What should happen when the hospitably accompanied reader, after enjoying those efficiently purposeful scenes with their lifelike characters, arrives at that destination? Insight, as the elements of the narrative converge and finally drop the reader off there, is the reader’s reward.  In high school and college English classes, I puzzled over the term ‘theme’ that my teachers insisted writers had in mind, like the armature around which a sculptor forms clay.  The puzzling term ‘theme’ has misled many a talented writer to simplify a symphony into a monotone.  Destinations of good work are nuanced.  They preserve the humanness of situations intact, and don’t turn them into object lessons. And they succeed as the reader realizes things, not as the writer turns preachy and sums everything up.    

First draft is merely shoveling up clay from a seam in the bed of a creek and slapping it down on the work table.  Sculpting it after a first rough shaping, the work emerges, as they say, from removing what isn’t the sculpture until what’s left is, AND that’s mostly what writers do. 

What has been the biggest surprise of your writing life?

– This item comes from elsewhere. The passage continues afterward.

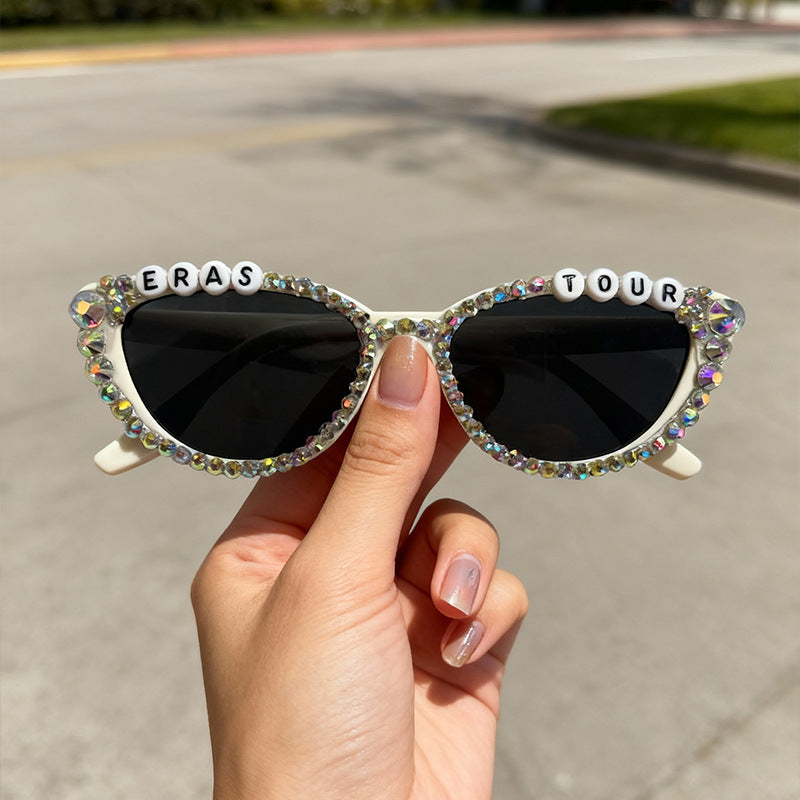 Rhinestone-Embellished Cat-Eye Sunglasses Stornfield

The electrification stage of revision. Clearly, it takes patience bordering on endurance to report and research and sculpt your way through that first draft.  Then comes the long revision period, revising the revision of your revision.  You’ve immersed in your scenes, gone beyond what a deadline reporter might gain just from interviewing.  You slowly, while drafting, comprehend the treasures hidden even from yourself in your field notes. Once you’ve nailed down and sharpened your selection and sequence of scenes, you’re getting there.   

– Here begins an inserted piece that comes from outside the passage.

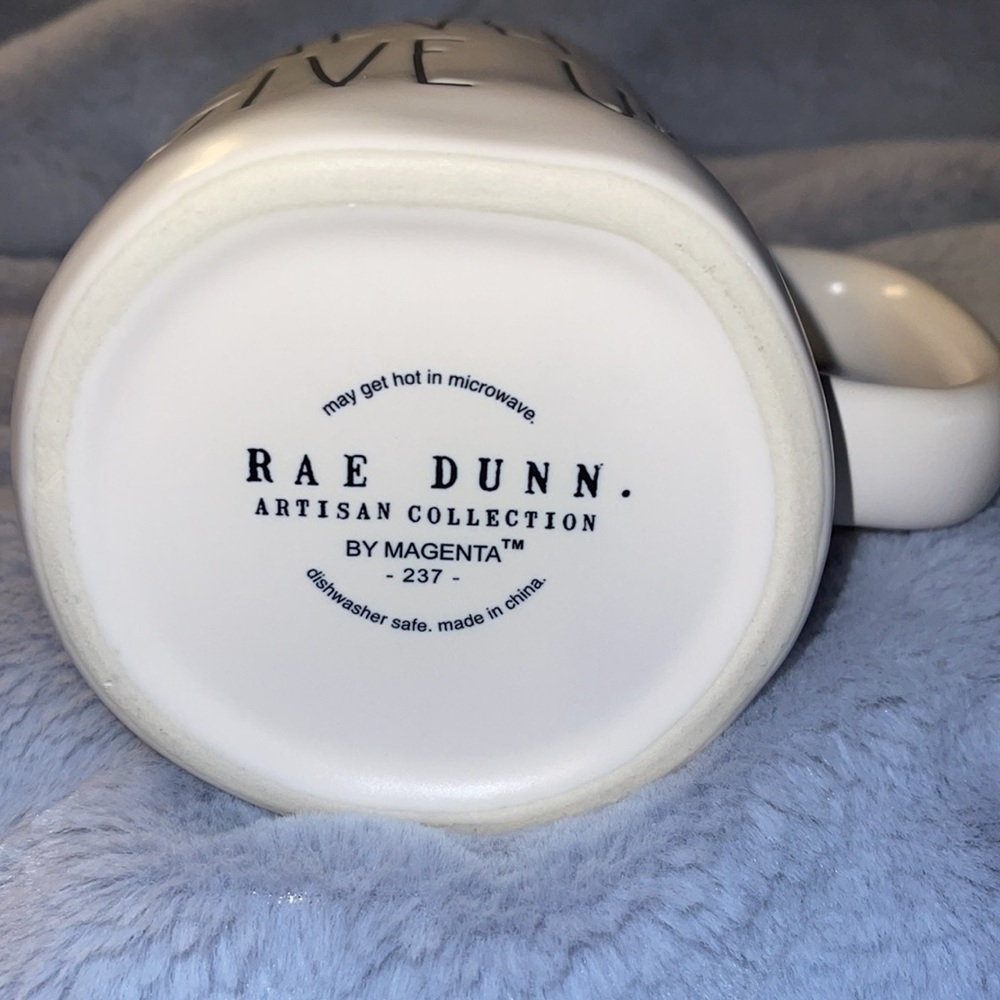 Rae Dunn “Never Give Up” Blue & White Mug - Picture 3 of 3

Then, something happens that rewards what may feel is fussy tinkering with every joint between every whole lot of words! That something is what I’ve come to think of as ‘the electrification stage’ — it’s an analogy to when you frame and sheath and roof and sheetrock a house and the unfinished rooms are recognizable, in place.  In your work, the scenes are mostly in place, the characters too, and that trail leading the reader from experience to experience still has a few extra loop-de-loops, but you finally know how it works. It’s sequence from realization to realization maps in your mind.  You suddenly know how to put it into place.  It realizes in your mind. You suddenly can connect up the wiring you’ve installed in that house you’re building, and the lights go on.  You’re not done yet.  In fact, the illumination contains its own punishment–you can now see fussy little flaws and have to work far into the night, in the light you’ve created.  And you can finally finish eliminating what you’d once thought essential but now you can see it’s superfluous, perhaps essential for your next piece, but not for this one.  Voila: electrification draft.

If you had to use a metaphor to describe yourself as a writer?

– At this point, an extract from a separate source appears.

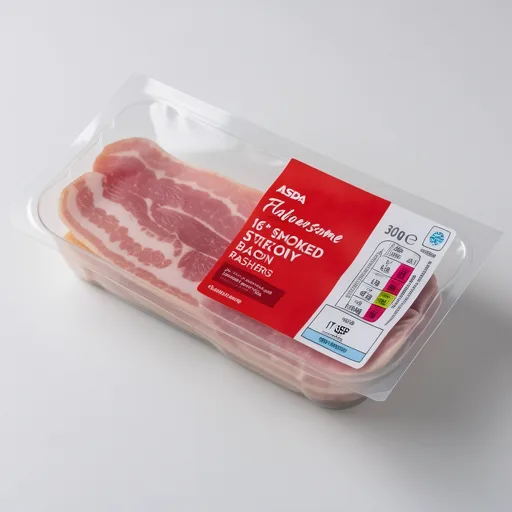 ASDA Flavoursome 16 Smoked Streaky Bacon Rashers 300g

Please see above.  I’ve got a sailor in the fog and a path-clearer on a hiking trail, a hospitable host, and a carpenter building a house and briefly, a pilot doing those loop-de-loops.  I guess I write to find out what I am, metaphorically.  

What is the best writing advice anyone ever gave you?  

Actually, it’s a pair of  . . .advices. ‘!‘ and  ‘fix‘.  

those were the two marks that most often showed up in the drafts returned to me by my editor, friend and mentor, Dick Todd, late and much-missed editor at the Atlantic Monthly.  he’d write a minuscule check in the margin when he really, really liked something a whole lot–an idea or little interstitial joke, or even a metaphor. he was given to eloquent understatement, but so brilliantly exacting that those scant checkmarks made me feel safe and enough on the right track so that when he occasionally also inscribed the word ‘fix’ in the margins (also in tiny characters) I would realize some dumb misstep I’d made that would have remained invisible to me without his marks.  the “!” showed me–in my late 20s, when i was just figuring things out–that the grace of an editor’s approving “!” was powerful in helping a writer feel safe enough to write on–or revise on. and I !!!’d a lot while working with other writers’ copy. and the “fix” showed me how fine-grained and precise was the sort of revision that a text needed before it felt like it made excellent contact with readers.